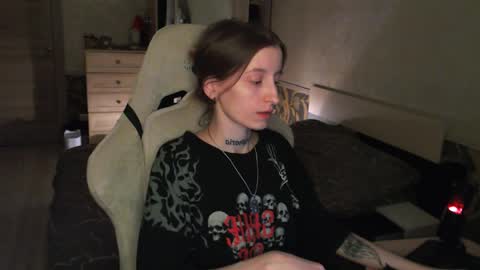 Snapshot of cath_dysphoria_ chatting on 04-06-26, 06:20 CATH online show from 04-06-26, 06:20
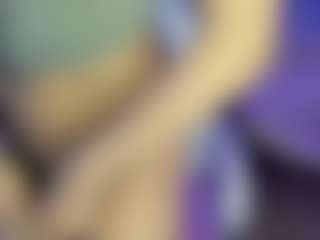 Live cam show with Lunita Cute Girl - Nipple Piercings on livesuperchat.net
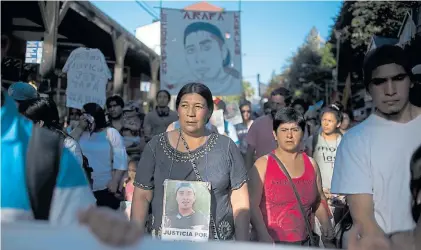  ?? MARCELO MARTÍNEZ ?? Protesta. Familiares y allegados a Rafael Nahuel marcharon varias veces pidiendo justicia.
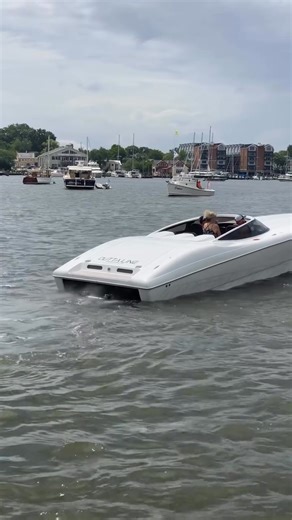 Sound up! 🔥🔥 Credits: @powerboat_hub follow @daily_dose_of_powerboats #raceboat #powerboat #speedboat #dailydoseofpowerboats #power | Daily Dose Of Powerboats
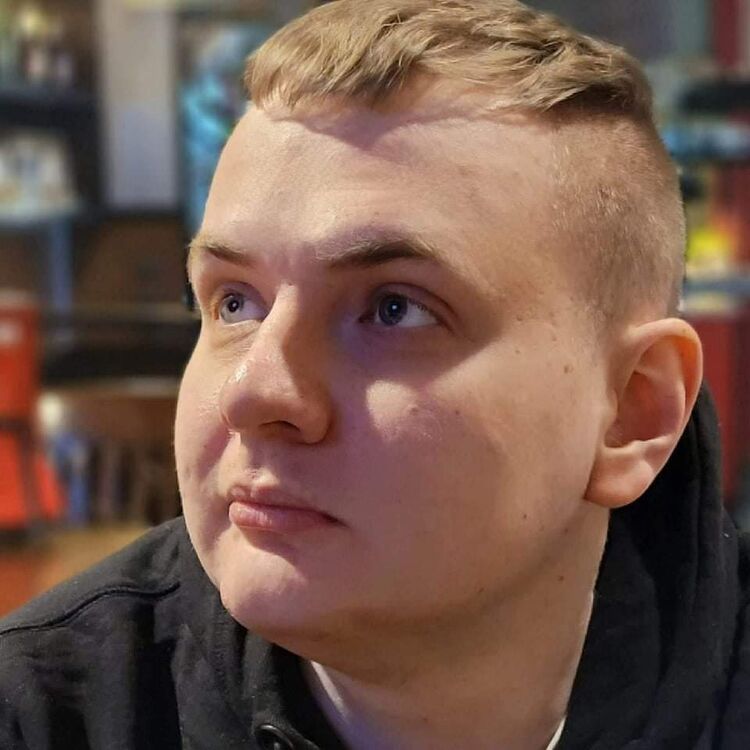  ,   Wiktor, 30 ,   ,   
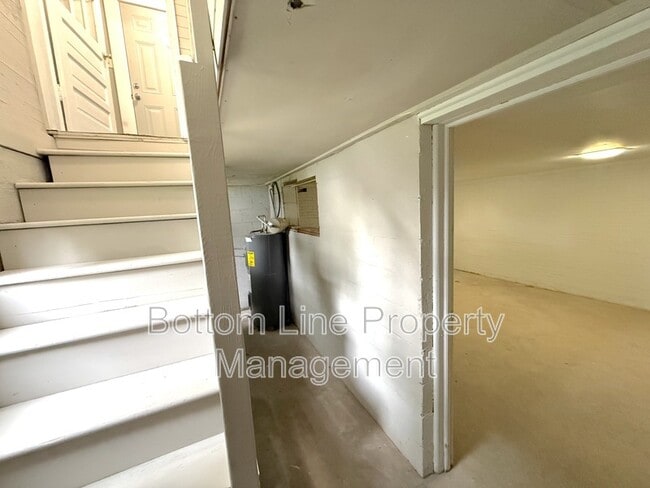 Building Photo - 1429 W Horah St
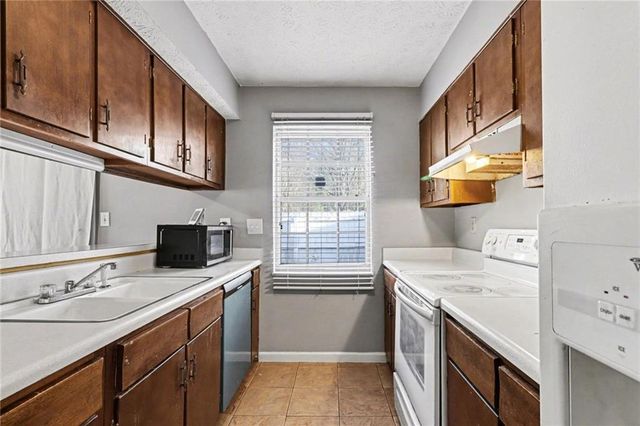 2571 Stratford Lane, Morrow, GA 30260
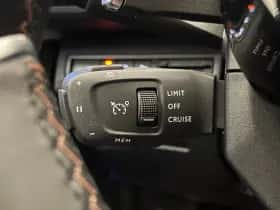 Peugeot 5008 (2023) thumbnail 17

• **What is needed**: None of the pictures should appear; repeat the records exactly otherwise.

• **Answer for the task**:
 Snapshot of cath_dysphoria_ chatting on 04-06-26, 06:20 CATH online show from 04-06-26, 06:20
 Live cam show with Lunita Cute Girl - Nipple Piercings on livesuperchat.net
  ?? MARCELO MARTÍNEZ ?? Protesta. Familiares y allegados a Rafael Nahuel marcharon varias veces pidiendo justicia.
 Sound up! 🔥🔥 Credits: @powerboat_hub follow @daily_dose_of_powerboats #raceboat #powerboat #speedboat #dailydoseofpowerboats #power | Daily Dose Of Powerboats
  ,   Wiktor, 30 ,   ,   
 Building Photo - 1429 W Horah St
 2571 Stratford Lane, Morrow, GA 30260
 Peugeot 5008 (2023) thumbnail 17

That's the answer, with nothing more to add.